True..I guess anything worth doing, is worth doing right!!..Well, I guess I better get working:doh:


----------



## Mike Edwards (Mar 10, 2011)

Horrorfan33 said:


> True..I guess anything worth doing, is worth doing right!!..Well, I guess I better get working:doh:


:T


----------



## Tonto (Jun 30, 2007)

And stay away from the liquid nails this time!


----------



## Horrorfan33 (Jun 11, 2013)

Tonto said:


> And stay away from the liquid nails this time!

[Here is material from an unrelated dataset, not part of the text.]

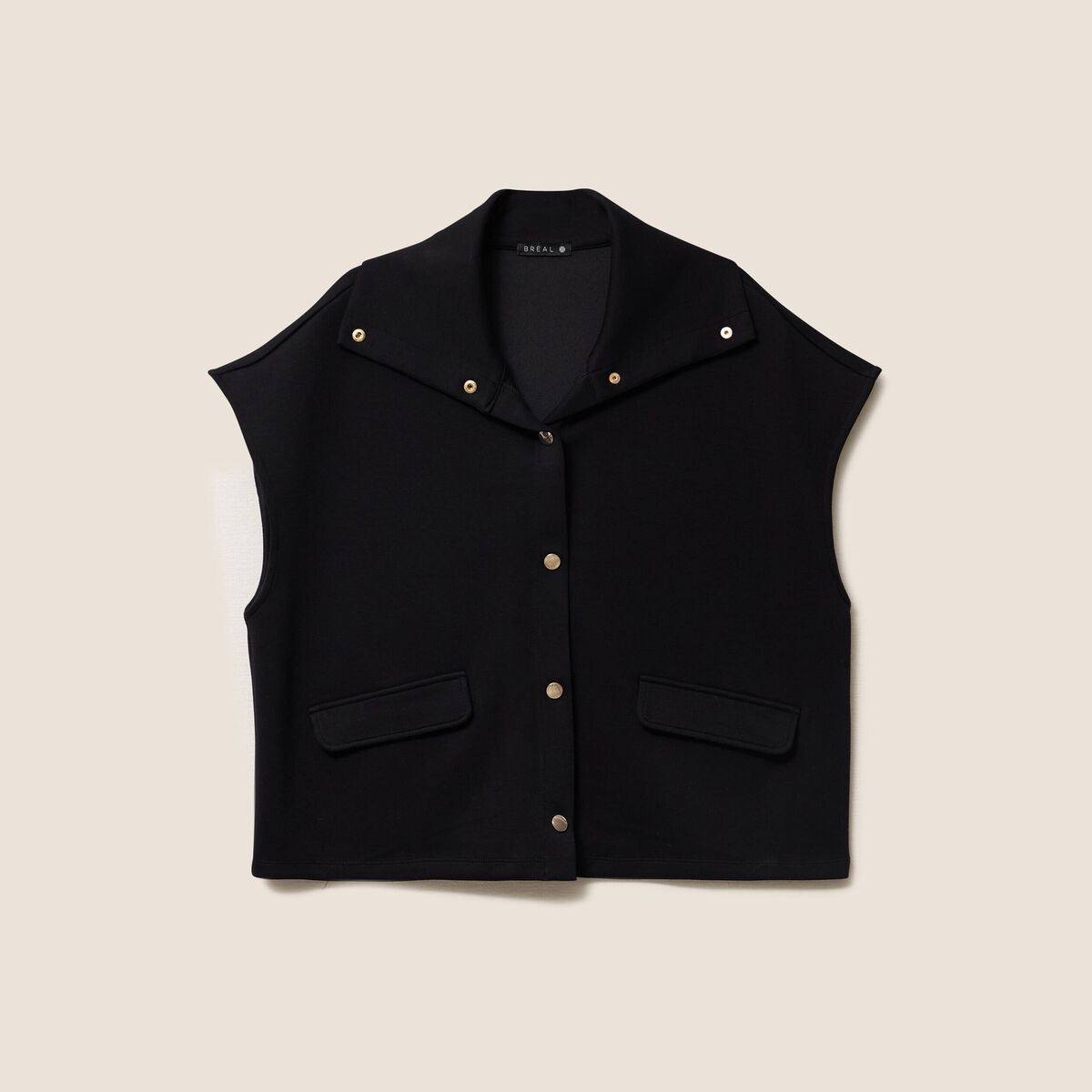 Gilet manches courtes col camionneur noir femme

LOL, I know, I didn't really want to use it last time, but I was afraid the bass might rattle the screws loose or the boards would start to vibrate over time,so I wanted a nice tight fit to the wall...But, I learned my lesson this time


----------



## smjens (Jan 20, 2009)

I agree with Mike. Get a 12" trowel and some pre-mixed drywall compound, not the quick dry stuff. If you can scrape the compound that you've already applied to be quite flat, I suggest troweling 2 thin, but wide coats over the affected area, letting the compound dry between coats. If it needs sanding, you can wet sand it with a damp sponge, which will eliminate the dust problem. I know a lot of pros would never wet sand, but it does work well and is even recommended on many drywall compound container instructions. All of these supplies are cheap, probably under $25.


----------



## phillihp23 (Mar 14, 2012)

:wave:Enjoy, I know the feeling of drywall dust around electronics...been drilling and cutting sheetrock to add speaker outlets in my room. I hate doing it but in the end...the reward is worth it.


----------



## Owen Bartley (Oct 18, 2006)

Horrorfan33 said:


> LOL, I know, I didn't really want to use it last time, but I was afraid the bass might rattle the screws loose or the boards would start to vibrate over time,so I wanted a nice tight fit to the wall...But, I learned my lesson this time


Horrorfan, a nice big french cleat should give you more then enough strength to support the screen (and then some), and it should be very stable. If you're worried about movement, you could always put some rubber "feet" at the bottom of the screen against the wall to hold it flat and in place.


----------



## Horrorfan33 (Jun 11, 2013)

Just finished the new screen..I went with 100" and I think it came out pretty nice 
Now I just have to paint the walls again 
The new projector is a world of difference..I'm in love all over again!!!


----------



## Mike Edwards (Mar 10, 2011)

looks good ! :T

what new PJ did you get?


----------



## Horrorfan33 (Jun 11, 2013)

Just an Epson 710HD, but it blows my old one out of the water!!


----------